# If every truth assignment satisfies some wff, some finite disjunction is a tautology

Let $$X_1,X_2,X_3,...$$ be well formed formulas. If for every truth assignment $$v$$ there exists $$n$$ with $$X_n$$ satisfied by $$v$$, show there exists $$n$$ with $$X_1\lor...\lor X_n$$ a tautology.

We can assume there are an infinite number of sentence symbols, as a finite number would imply a finite number of truth assignments, so we could take $$n$$ to be the maximum of the first satisfying indices of the truth assignments. I think it's important that the number of sentence symbols is countable. For all $$n$$, let $$Y_n=X_1\lor...\lor X_n$$ and $$S_n$$ be the set of truth assignments satisfying $$Y_n$$. Note that $$S_1\subseteq S_2\subseteq S_3\subseteq...$$. Since the number of sentence symbols is countable and every truth assignment sends every sentence symbol to $$0$$ or $$1$$, the truth assignments are in bijection with countable binary sequences, which are in bijection with the real numbers between $$0$$ and $$1$$. I was hoping to get a contradiction out of this, but we could just make $$S_n\setminus S_{n-1}$$ the binary numbers from $$0$$ to $$1$$ with $$n$$ leading $$0$$s. Compactness of well formed formulas might be relevant, but I can't think of a way to apply it.

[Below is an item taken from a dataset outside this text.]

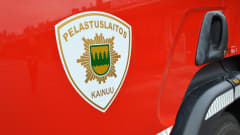 Kainuun pelastuslaitoksen logo punaisen auton kyljessä.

• Use the rephrasing instead. – user665538 Apr 19 at 4:40
• As @DerekElkins said, usually "infinitely long" expressions make no sense and need a very definite meaning, such as infinitary logic. Notice that as the article says, you will have a different logical system where not all results hold. by reading your question, you seem to be thinking about something related to the compactness theorem. – user657449 Apr 19 at 4:46
• I removed the infinite formula. – user665538 Apr 19 at 4:52
• @SIndigo. "for every truth assignment v there exists n with Xn satisfied by v" is not perfectly clear to me. Shoul I understand " for each assignment, there is some formula that has value true ( but not necessarily the same formula for all valuation)" or should I understand " there is some formula Xn such that this formula has value true for every assignment"? – Eleonore Saint James Apr 19 at 16:22
• Different $n$ for every assignment. – user665538 Apr 19 at 20:34

In general we do not need countability, as it boils down to a compactness argument. Let $$X_1, X_2, \ldots$$ be as you described. Then consider $$\neg X_1, \neg X_2, \ldots$$ instead. By assumption, for every truth assignment there will be $$n$$ such that $$\neg X_n$$ is false. That means that there is no truth assignment such that $$\neg X_1, \neg X_2, \ldots$$ are all true. Now we can apply compactness to find a finite subset $$\neg X_{i_1}, \ldots, \neg X_{i_k}$$ such that $$\neg X_{i_1} \wedge \ldots \wedge \neg X_{i_k}$$ will be false in every truth assignment (so, a tautology). In other words, $$\neg(\neg X_{i_1} \wedge \ldots \wedge \neg X_{i_k})$$ will be true in every truth assignment and this is equivalent to $$X_{i_1} \vee\ldots \vee X_{i_k}$$.
To get the exact formulation of your problem we do need to assume that $$\neg X_1, \neg X_2, \ldots$$ is countable. Then we can take $$n = \max \{i_1, \ldots, i_k\}$$, and then clearly $$X_1 \vee \ldots \vee X_n$$ is true in every in truth assignment.